Aitylğan sõz – atylğan oq (translation: ‘A word once spoken can never be recalled’)

– Kazakh proverb

On July 10, the lower house of the Parliament of Kazakhstan, the Majilis, adopted the Law ‘On online platforms and online advertising’, aimed at regulating this sphere.

Everything that is illegal offline should also be illegal online – this postulate of the European Union’s law enforcement practice outlines the principles of online behavior in the best possible way. Social networks have formed a new space of information entrepreneurship, in which professional competencies of their time were born – bloggers, SMM specialists, targetologists and a number of others. The necessity to regulate the quality and reliability of online content, shadow income from online advertising, online fraud, and to put up barriers against cybercrime prompted the adoption of such a regulatory act.

The authors of the Kazakh law, when preparing it, aimed to solve several troublesome issues. In particular, this is a gap between the dynamics of the development of online platforms and online advertising with a legislative framework, the lack of effective legal mechanisms guaranteeing respect for the rights of all entities conducting business on online platforms, and legal contours for conducting online advertising. Moreover, during the preparation of the Kazakh law on the regulation of online platforms and advertising, international experience was not ignored. For example, the Online Safety Bill in the UK. And the German Network Enforcement Act, which raises the issue of protecting citizens from false, malicious information, was also considered.

Social networks have become the main source of information that forms the socio-political agenda, and have assumed the role of a barometer of public mood. According to the data of the new Digital News report, which was recently published by the Reuters Institute, the share of those who prefer to receive news on the Internet through social networks has increased to 30%.
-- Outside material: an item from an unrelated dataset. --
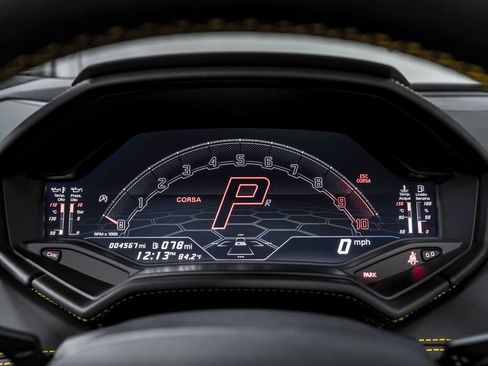Used 2023 Lamborghini Huracan EVO AWD/4WD image 17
And in this regard, the adopted law introduces for the first time such concepts as ‘influencer (blogger)’, ‘online platform’, ‘Internet platform user’, ‘public community’ and others. And this, according to experts of the media sphere, is a big breakthrough in the field of legislative description of the difference between bloggers and classical mass media, as well as regulation of the relations of these specialists with the target audience.

Thus, the law obliges the owners of Internet sites to cooperate with government agencies in the fight against false information and tax evasion. A requirement is being introduced to install a ‘counter’ for the number of users and appoint a legal representative of the online platform for interaction with authorized bodies.
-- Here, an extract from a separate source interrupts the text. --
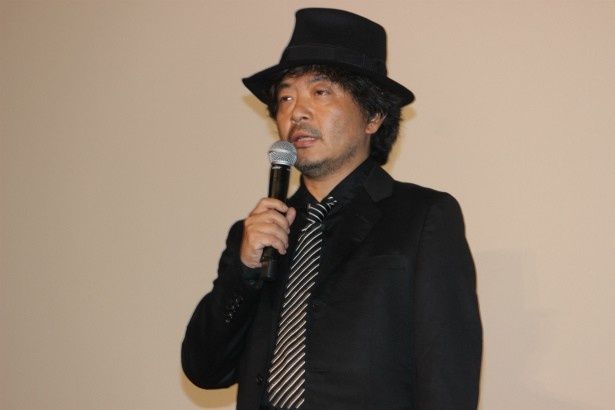 メガホンをとった園子温監督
Furthermore, the key issue within the framework of the law is the development of the interface of online platforms in the state language, the volume of content in which is growing every day. And this content is becoming more diverse and interesting. However, not all online platforms provide the opportunity to use the interface in the Kazakh language, there is no elementary opportunity to fully familiarize yourself with the user agreement.
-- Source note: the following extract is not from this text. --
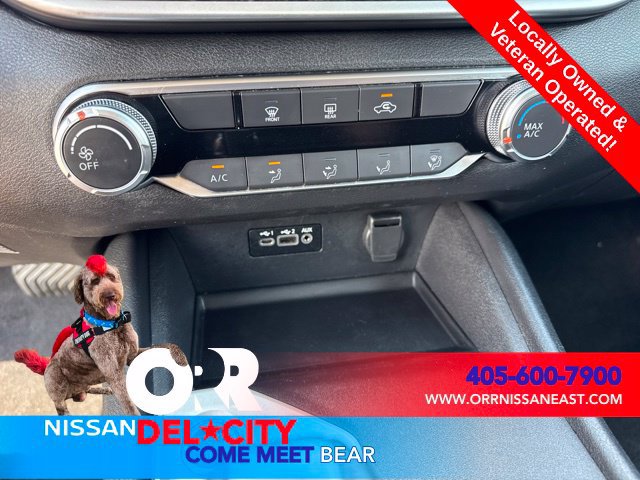 Used 2025 Nissan Altima 2.5 SV FWD image 24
Particular attention is paid to the need for advertising labeling by users posting advertising content. Legislative acts regulating the distribution of advertising materials on online platforms have been absent until today, as well as the concept of targeting.

Thus, it can be seen that this legislative package is aimed at further improving the regulation of the functioning of online platforms on the territory of the republic, including the responsibility of influencers or bloggers for published materials and the dissemination of false information, as well as their advertising and business activities, that is, the payment of income taxes for advertising published in their social media accounts.

It must be said that this bill has been repeatedly criticized by human rights activists, who called it “illiberal”, “tightening censorship”. However, it is possible to give the opposite arguments in favor of the correctness of the adoption of this law. So, firstly, the development of social networks and artificial intelligence technologies leaves no doubt about the rapid expansion of opportunities for manipulating the consciousness of citizens, sowing panic, spreading fakes. Secondly, we must not forget that the young generation is extremely dependent on all sorts of gadgets and networks, vulnerable in terms of communication and negative influence. It is enough to recall the ‘blue whales’, cyberbullying incidents, crippling the psyche of children who sometimes do not have basic skills of cyber hygiene and protecting themselves from dangerous content. Therefore, the use of such legal mechanisms in the media sphere is a pragmatic solution that is necessary in the era of progressive development of digital technology. But the risk of censorship is also one we may not ignore. There’s hope that adequate safeguarding provisions and free speech considerations will continue to be balanced.